In the last three years I’ve heard one of my clients tell me they listen to their corporate customers and as a result they provide better client service; really? I’ve stated that blogging makes you listen differently. (I still concur with myself.) Now this headline about marketers who listen versus ask.
Social media has adjusted the balance between marketer and consumer. Where before consumers were preached at by integrated marketers, now they are sending messages in the reverse direction. The balance of power has shifted, and listening is indeed a new phenomenon, although now a different one-way street.
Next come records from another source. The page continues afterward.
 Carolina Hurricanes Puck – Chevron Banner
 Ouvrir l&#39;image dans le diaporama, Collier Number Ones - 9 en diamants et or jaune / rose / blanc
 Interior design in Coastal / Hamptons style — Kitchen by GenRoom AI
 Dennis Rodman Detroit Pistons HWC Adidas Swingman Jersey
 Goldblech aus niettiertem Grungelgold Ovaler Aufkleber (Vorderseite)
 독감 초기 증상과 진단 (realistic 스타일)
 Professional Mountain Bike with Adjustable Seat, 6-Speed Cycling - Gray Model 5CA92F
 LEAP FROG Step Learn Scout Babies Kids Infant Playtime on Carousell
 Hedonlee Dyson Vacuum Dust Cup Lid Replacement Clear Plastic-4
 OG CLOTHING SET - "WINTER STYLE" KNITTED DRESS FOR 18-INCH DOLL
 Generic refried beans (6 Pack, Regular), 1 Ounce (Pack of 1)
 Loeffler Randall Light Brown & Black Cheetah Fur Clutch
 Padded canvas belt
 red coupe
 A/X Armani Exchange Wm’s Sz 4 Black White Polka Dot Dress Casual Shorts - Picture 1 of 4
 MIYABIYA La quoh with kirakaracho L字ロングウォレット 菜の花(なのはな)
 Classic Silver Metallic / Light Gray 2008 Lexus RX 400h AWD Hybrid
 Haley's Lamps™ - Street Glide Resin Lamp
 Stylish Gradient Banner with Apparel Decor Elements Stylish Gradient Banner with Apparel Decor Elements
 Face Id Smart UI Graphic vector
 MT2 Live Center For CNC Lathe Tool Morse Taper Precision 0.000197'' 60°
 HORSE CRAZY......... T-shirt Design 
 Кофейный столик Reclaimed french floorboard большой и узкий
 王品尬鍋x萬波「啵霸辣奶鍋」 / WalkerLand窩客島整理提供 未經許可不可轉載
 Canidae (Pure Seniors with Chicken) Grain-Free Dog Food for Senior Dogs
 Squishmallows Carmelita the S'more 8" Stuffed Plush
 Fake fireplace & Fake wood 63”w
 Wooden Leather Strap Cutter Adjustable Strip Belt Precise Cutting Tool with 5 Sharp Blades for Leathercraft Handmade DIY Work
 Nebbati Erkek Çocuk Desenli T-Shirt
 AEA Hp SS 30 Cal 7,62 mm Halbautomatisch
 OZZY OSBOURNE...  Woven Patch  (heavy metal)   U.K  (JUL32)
Online buzz provides much of the fodder for companies and organizations to grasp the conversation via monitoring and tracking and, hence, listening. Perhaps social media defines listening as new consumer-driven positive or negative content about brands being created every minute via word-of-mouth marketing with no pattern, no campaign, no budget, and no director in charge.
Perhaps.
Although I understand the point about the need for more listening, shouldn’t this be an innate, basic skill? Isn’t success embroiled in listening?
Strategic listening requires comprehension and action. One can hear, but without full comprehension, there’s no action, and potentially failure. For a story to suggest listening is now being emphasized because consumers are armed with social media tools implies to me we’ve not been listening too well of late.
What’s your opinion about how you listen? Is social media forcing improvement of listening skills, merely pointing out how poor our skills were to begin with, or making listening temporary until another something comes along?